> [Exercise directions] Pictures aside, reproduce exactly and only the lines below, starting at the one containing "Preparazione dei seggi elettorali a Milano" and ending at the last line.

** Provided information follows **

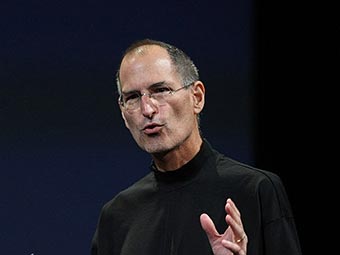 De ce Steve Jobs se îmbracă mereu în mod egal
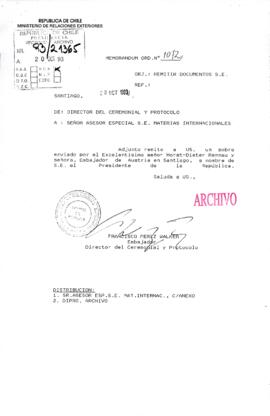 [Memorandum N° 1072 de Director de Ceremonial y Protocolo, remite documentos]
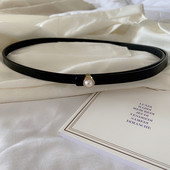 Cureaua subtire de dama cu o perla decorativa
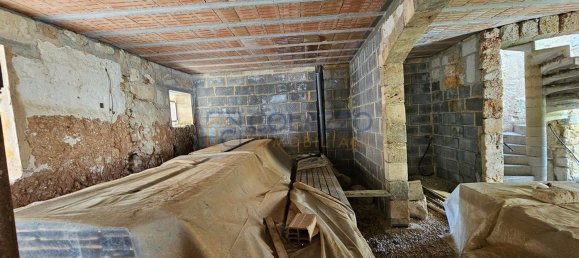 Дом с 8 комнатами в Casarano, Италия № 135927 24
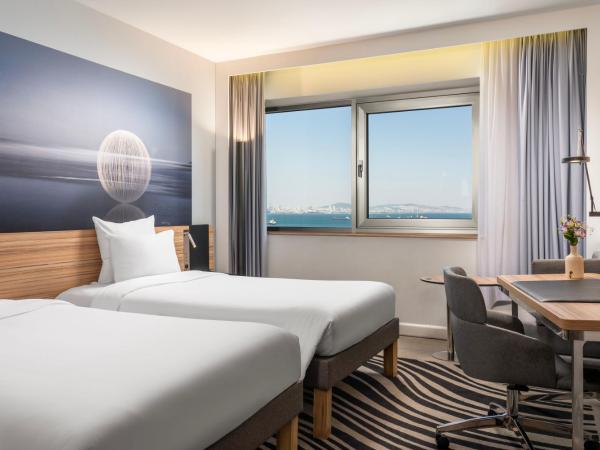 Novotel Istanbul Zeytinburnu : photo 4 de la chambre chambre supérieure avec lits jumeaux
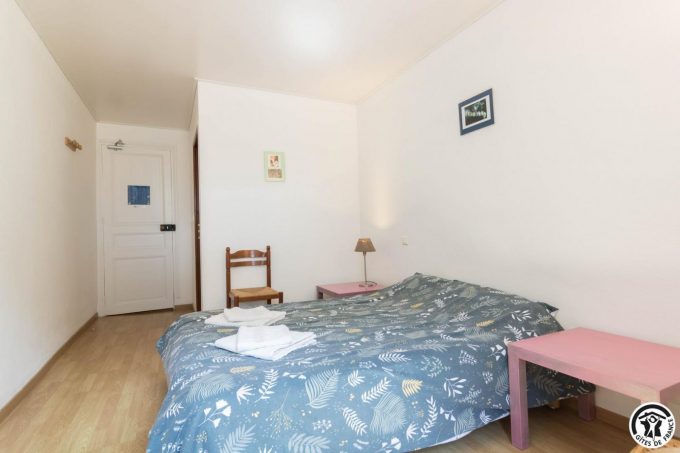 31G400994-4308129881f643a3aa351cb7103febfa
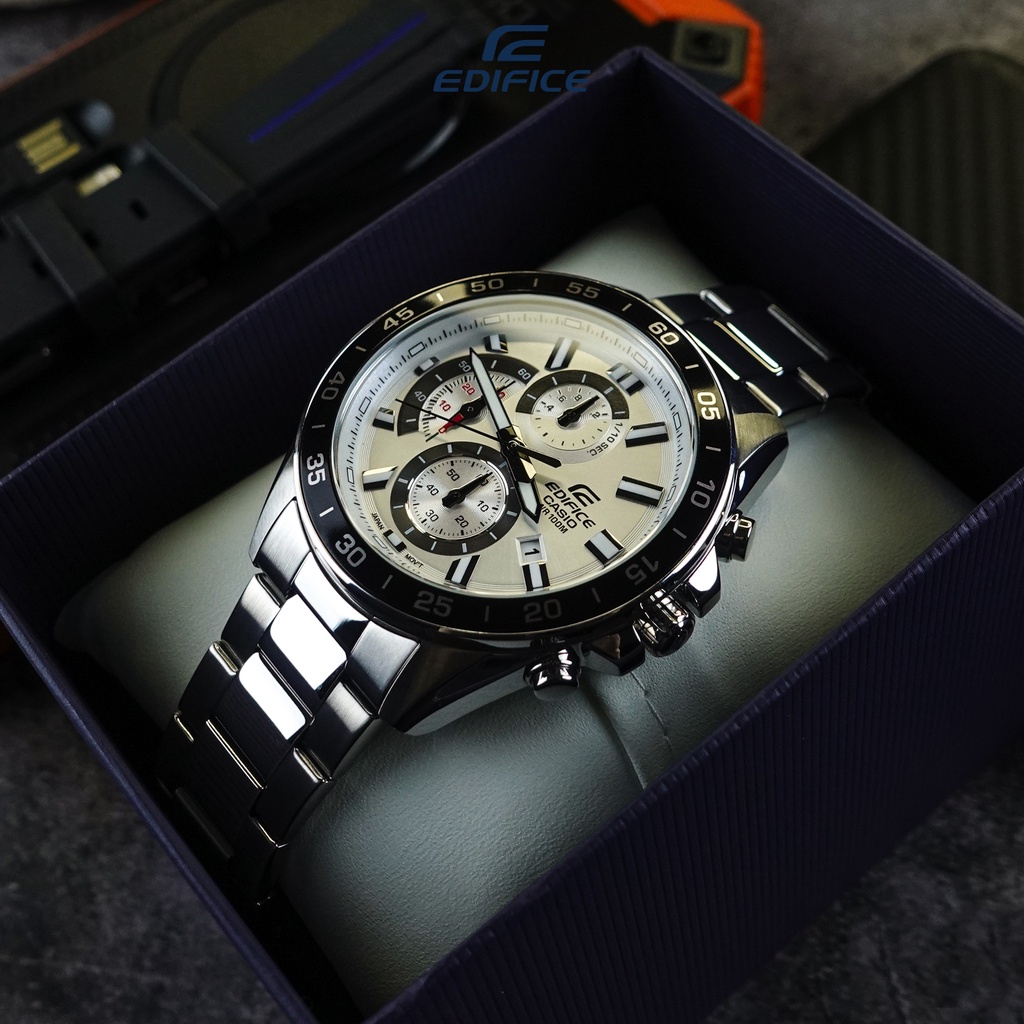 นาฬิกาข้อมือ Casio Edifice Chronograph รุ่น EFV-550D-7AV หน้าปัดขาว ...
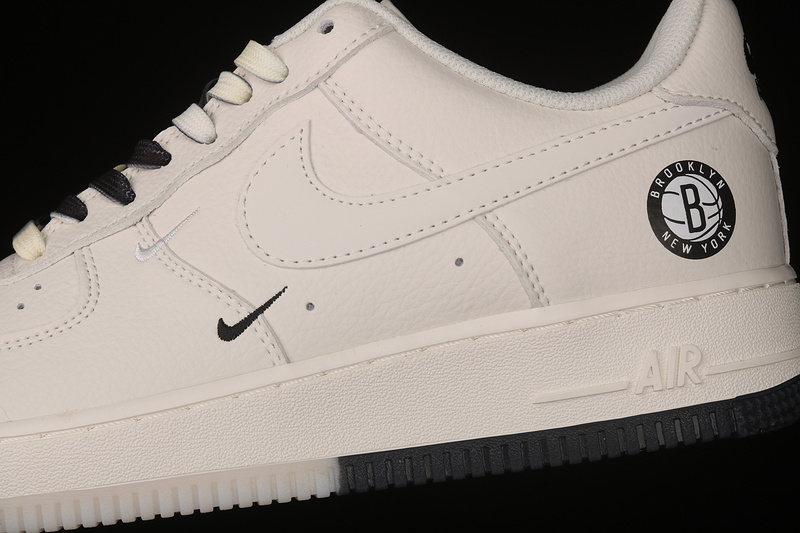 Air Force 1 Low 07 Lv8 White/White/Black 23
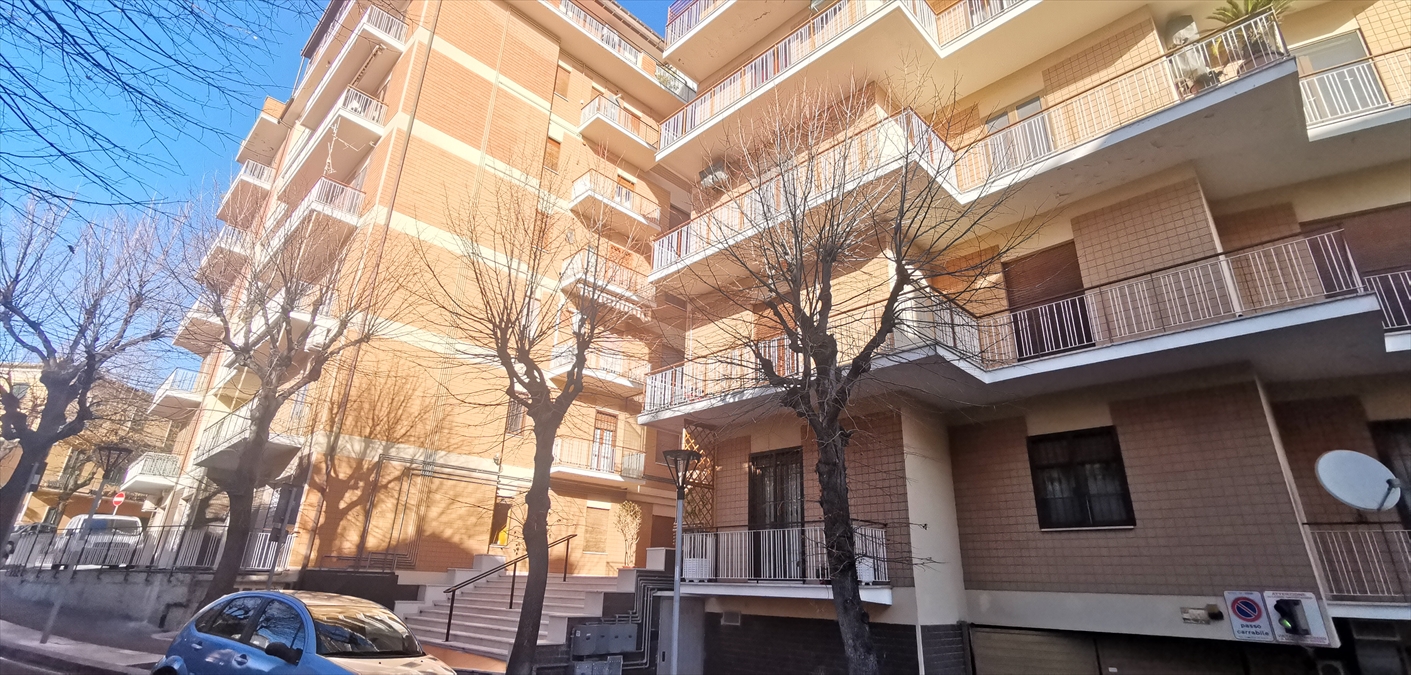 Quadrilocale in vendita in viale europa, Chieti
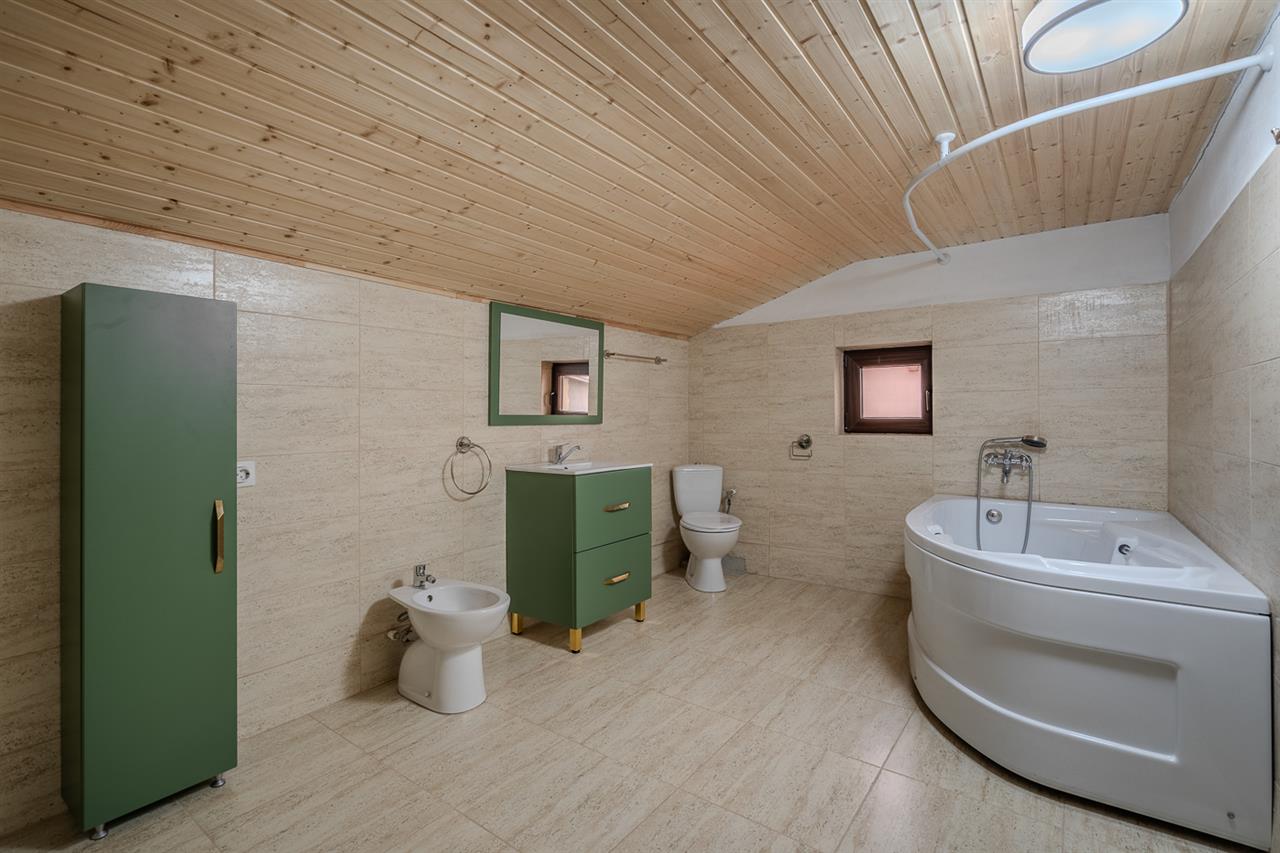 PROGRESUL GIURGIULUI,VILA INDIVIDUALA,5 CAMERE,221 MP,TEREN 379 MP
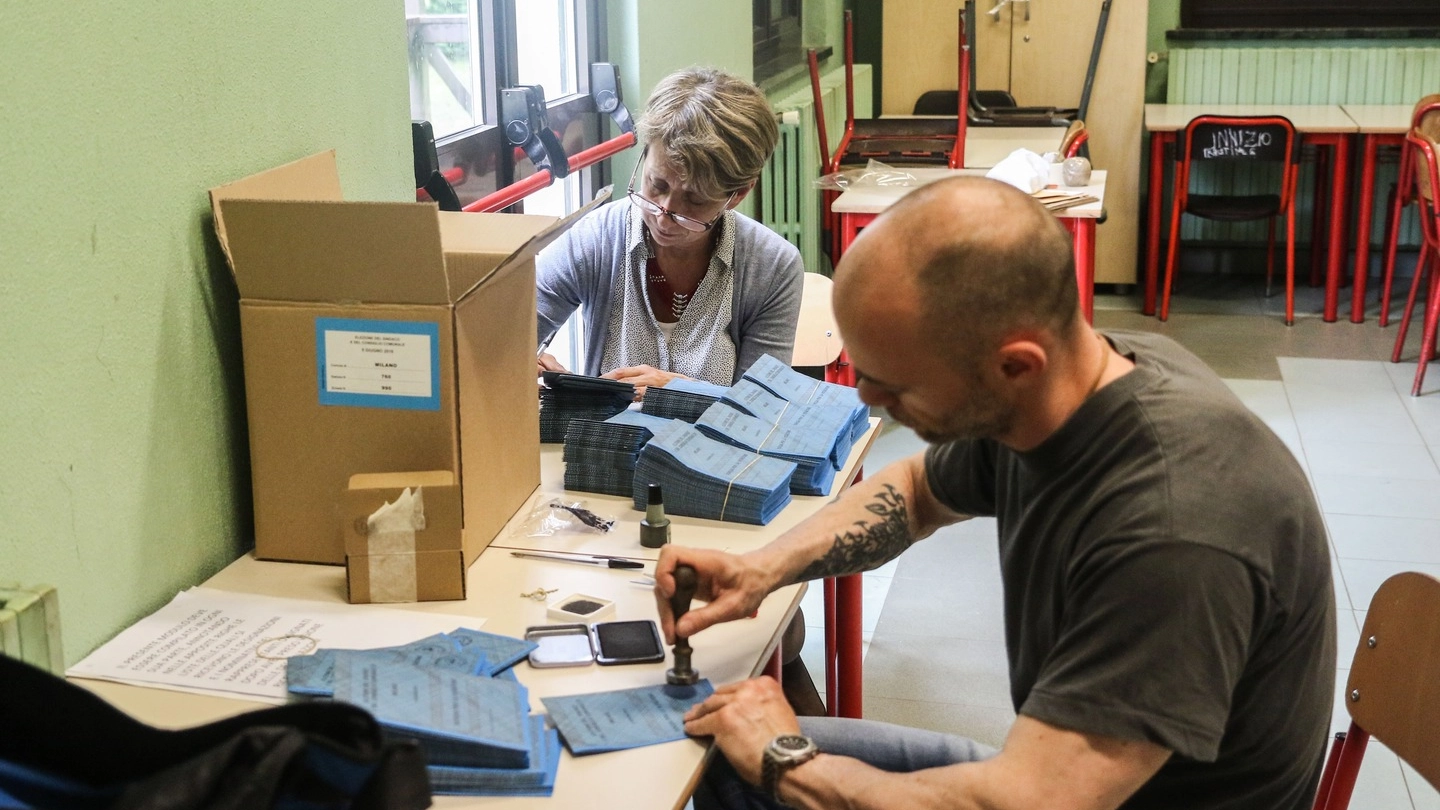 Preparazione dei seggi elettorali a Milano 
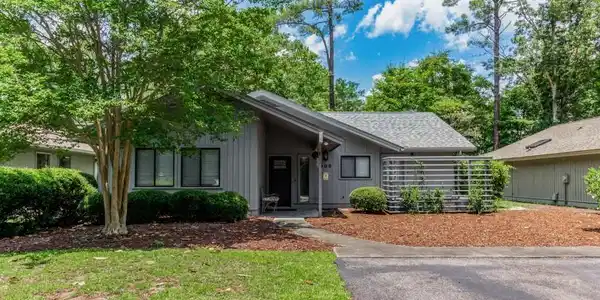 908 Cedarwood Circle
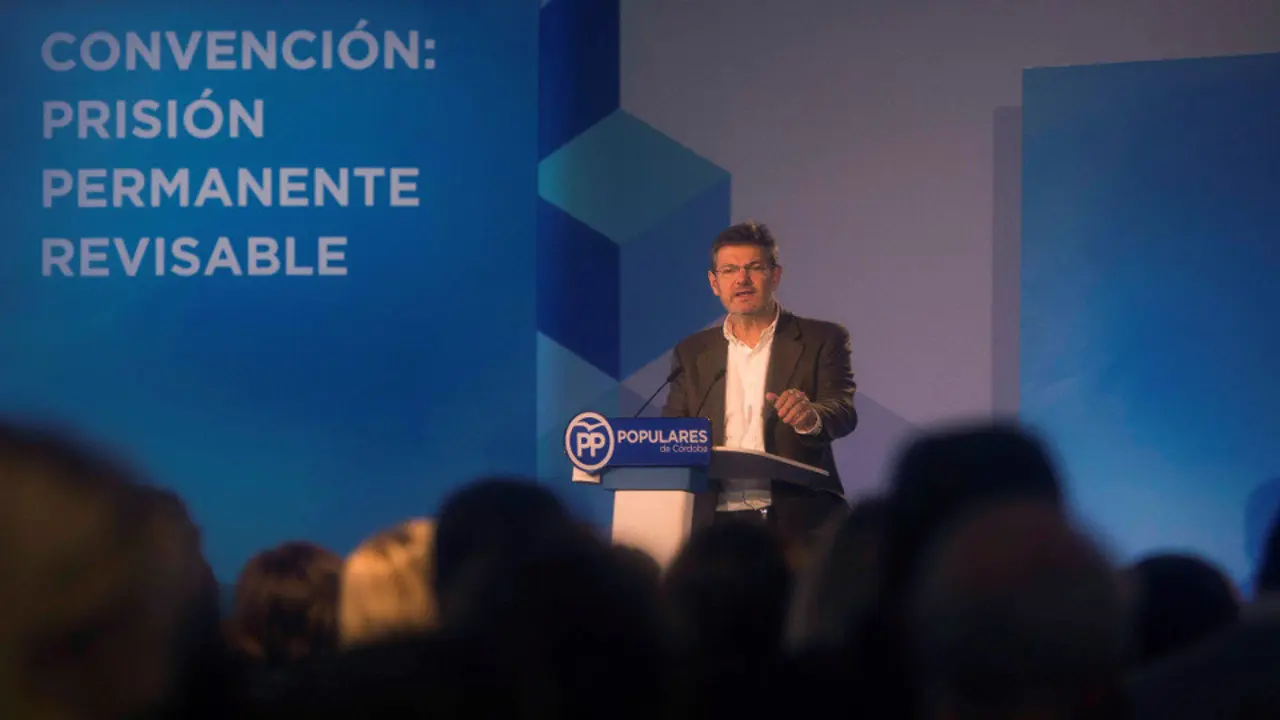 Rafael Catalá, en la Convención Nacional del PP sobre la prisión permanente revisable. RAFA ALCAIDE (EFE)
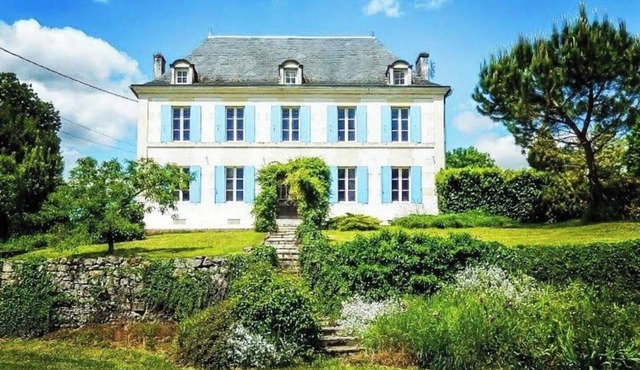 Magnifique manoir, quatre chambres, avec piscine
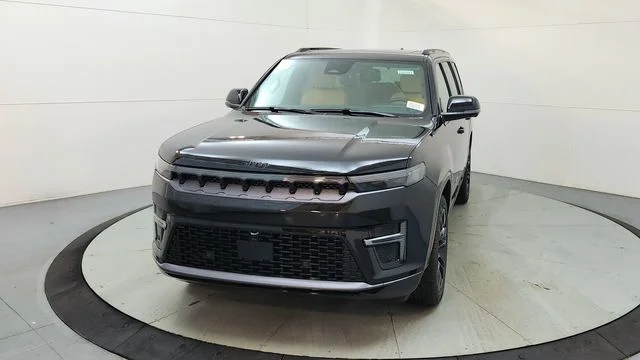 New 2026 High Gloss Black Exterior Paint Jeep Summit Reserve image 2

** End of Provided information **

> [Answer space]
 Preparazione dei seggi elettorali a Milano 
 908 Cedarwood Circle
 Rafael Catalá, en la Convención Nacional del PP sobre la prisión permanente revisable. RAFA ALCAIDE (EFE)
 Magnifique manoir, quatre chambres, avec piscine
 New 2026 High Gloss Black Exterior Paint Jeep Summit Reserve image 2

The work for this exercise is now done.